The UK is a country of innovators and inventors: the birthplace of the industrial revolution, the World Wide Web and graphene. It is also a place where, arguably more than anywhere, innovation is often regarded as a means to break down barriers, reduce inequalities and empower people from every walk of life. More recently, digital technology has been a peerless force for good in Britain, acting as a great equaliser and enabling some 300,000 entrepreneurs to launch their digital startups.
Granted, challenges for the sector remain: people from disadvantaged backgrounds can sometimes feel alienated from technology companies; digital skills are unevenly taught and valorised across the country; and Britain’s infrastructure is not always up to the task of providing everyone with the tools of connectivity. Still, innovators, businesses and institutions alike are rising to the task of bridging those gaps.
How that is happening was one of the key themes touched upon during a roundtable discussion at Vogue House, Mayfair, on July 3. Sponsored by Cisco and hosted by WIRED editor Greg Williams, the event brought together several leaders from across the country to map out what genuine digital inclusion should look like.
One attendee defined digital inclusion as giving everyone an equal and fair opportunity to access the country’s digital tools and infrastructure in a meaningful and useful way. But how does that principle translate in different contexts?
A glance at the UK’s productivity map reveals that economic productivity goes hand in hand with the embrace of digital technology. Analysis carried out jointly by Cisco and economists from Oxford Economics found a direct link between technology investment and productivity.
Over the next few months, the impending launch of superfast 5G internet in the UK will present an opportunity to further tear down regional divides. While some of the attendees expressed concern that an uneven roll-out of the technology across the country might have the unintended consequence of entrenching existing disparities, most agreed that 5G has the opportunity to be a game-changer. The new technology could fast-track connectivity in less well-served regions and rural locations, make cities and towns smarter and more productive thanks to IoT applications, and power a connected vehicle revolution.
Still, some of the speakers attending the roundtable discussion pointed out that connectivity by itself is only part of the story. As the Cisco-Oxford study shows, digital tech jobs make up 6.2 per cent of the 50 best performing regions’ workforce, whereas worst-performing areas account for around half of that. While better infrastructure is imperative to change this situation, the question of unequal access to digital skills across various regions also needs addressing.
Some attendees underlined that this is a multifaceted challenge. Barriers to access can be eminently material: young people from less affluent backgrounds, for instance, often cannot afford cutting-edge digital devices, which are of the utmost importance to hone their skills. That has been changing thanks to initiatives backed by organisations that are donating computers to schools across the country, and by a series of government initiatives aiming at bringing digitalisation among pupils (already in 2014, 70 per cent of British schools boasted the presence of tablets in the classroom.) Cisco itself has been spearheading change with the NetAcademy programme, whose aim is improving the digital skills of a quarter of a million UK residents by the end of 2020. But there is still a lot to do to bring more people into the fold: one attendee noticed that up to 700,000 British young people still don’t have access to the internet in their homes.

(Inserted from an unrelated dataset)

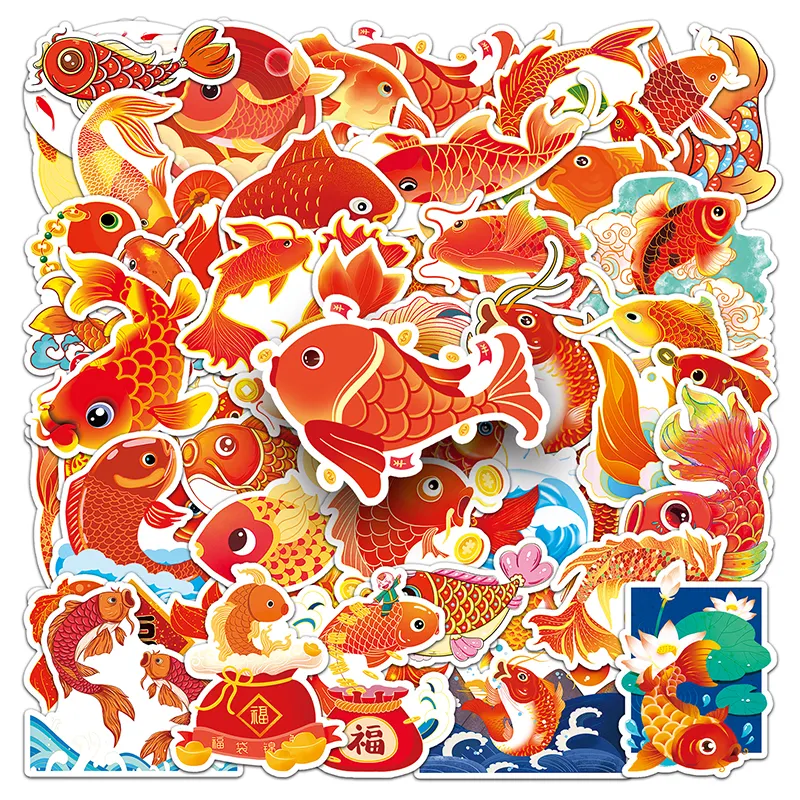 50 Uds Animal de dibujos animados buena suerte Koi Fish pegatinas bonitas baratas para niñas portátil decorativo impermeable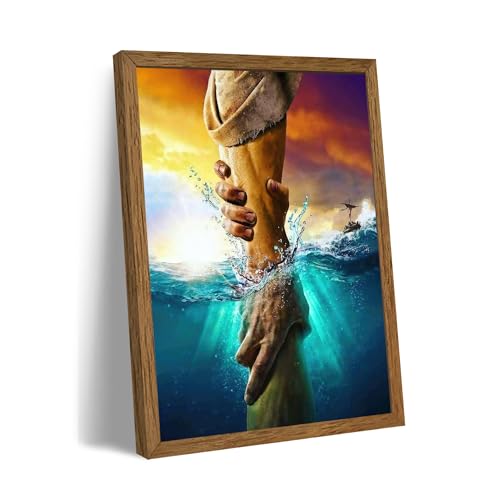 Solid Wood Framed Jesus Christ Canvas Wall Art The Hand of God Jesus Reaching Into Water Christian Painting Prints Biblical Wall Decor Religious Room Decor for Church Prayer Room Schools 12'' x 16'' - color: Jesus Hand in Hand, size: 16"L x 12"W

More fundamentally, it is the very language around technology that ought to evolve. Luckily, that evolution is already underway. Until recently, one attendee said, the British government framed the question in forbidding terms: it would recommend people – young or otherwise – that they needed to simply “acquire digital skills”, a suggestion likely to fall on deaf ears when it came to groups that feel excluded from the technology industry. The framing is now shifting from touting “skills” to explain what sort of benefits and concrete outcomes those skills could lead to. That, one attendee said, is finally widening the digital sector’s appeal. Encouraging evidence of this new mindset’s approach is coming not only from some pioneering schools, but also from courses in digital skills held in prisons, where inmates have displayed a more goal-oriented – rather than tool-oriented – approach to their training as a path to reintegration.

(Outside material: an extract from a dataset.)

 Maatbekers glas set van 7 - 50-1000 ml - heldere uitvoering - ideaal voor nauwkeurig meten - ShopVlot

The advent of 5G might thus be an opportunity to embrace that framing at a more general scale. During this paradigm shift institutions such as libraries, schools, universities, and educational organisations will all have the pivotal role of promoting a more comprehensive digital inclusion. As one attendee remarked, the UK’s digital revolution is inevitable – now let’s make sure that its opportunities are accessible for everyone.